* COLLECTED DATA *
*** Begin section ***
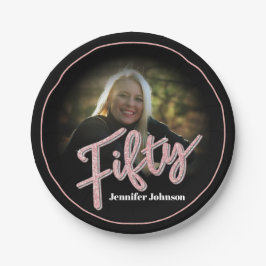 Vijftig 50th Birthday fotoscript roos roze aangepa Papieren Bordje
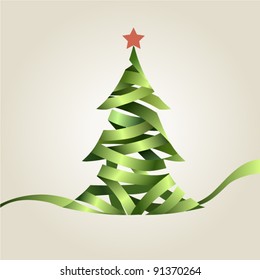 Christmas tree from green ribbon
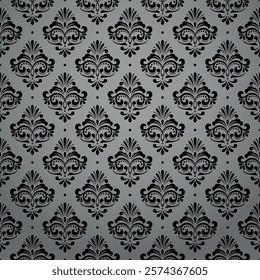 Floral pattern. Vintage wallpaper in the Baroque style. Seamless vector background. Gray and black ornament for fabric, wallpaper, packaging. Ornate Damask flower ornament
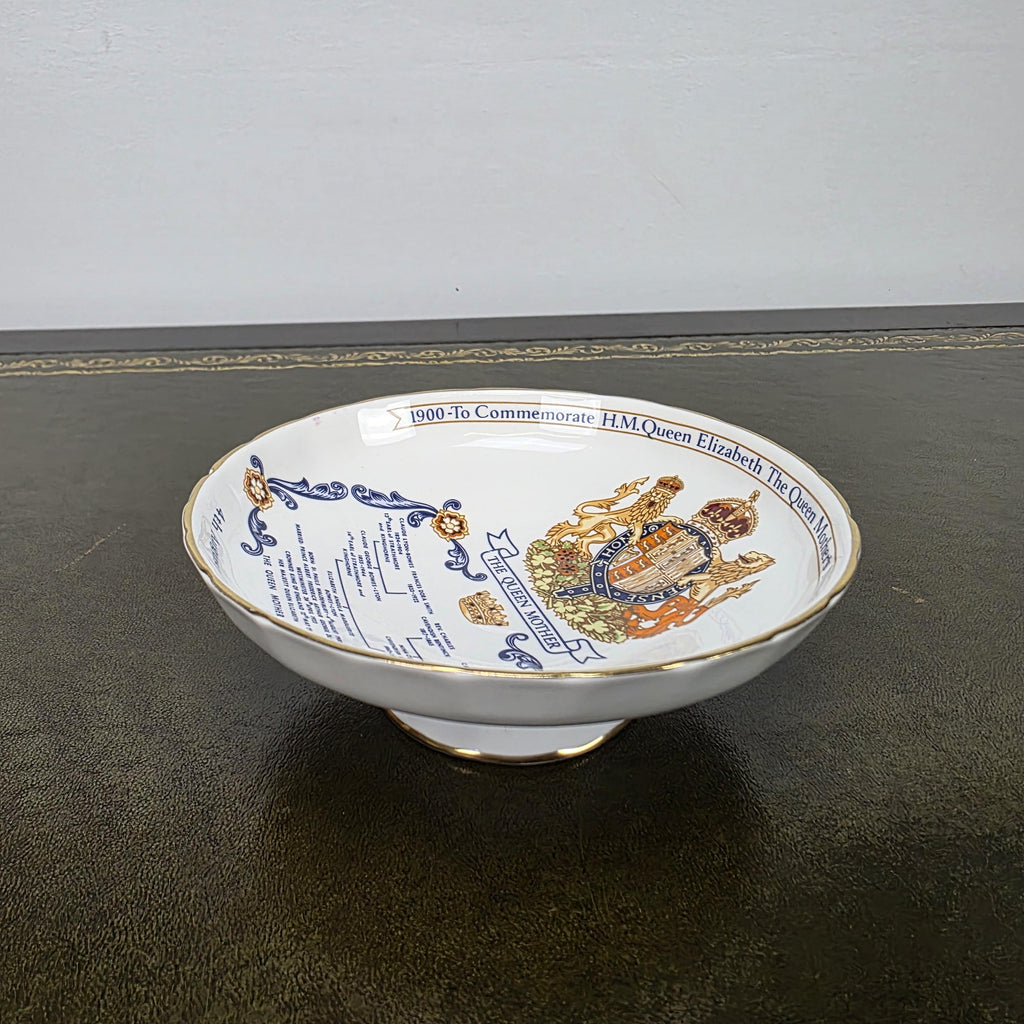 Aynsley Royal Dish Fine Bone China Queen Mother 90th Birthday England 1990 Commemorative Piece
*** End section ***
* TASK *
Make an exact reproduction of the listing above, without any pictures.

* SOLUTION TO THE PROBLEM *
 Vijftig 50th Birthday fotoscript roos roze aangepa Papieren Bordje
 Christmas tree from green ribbon
 Floral pattern. Vintage wallpaper in the Baroque style. Seamless vector background. Gray and black ornament for fabric, wallpaper, packaging. Ornate Damask flower ornament
 Aynsley Royal Dish Fine Bone China Queen Mother 90th Birthday England 1990 Commemorative Piece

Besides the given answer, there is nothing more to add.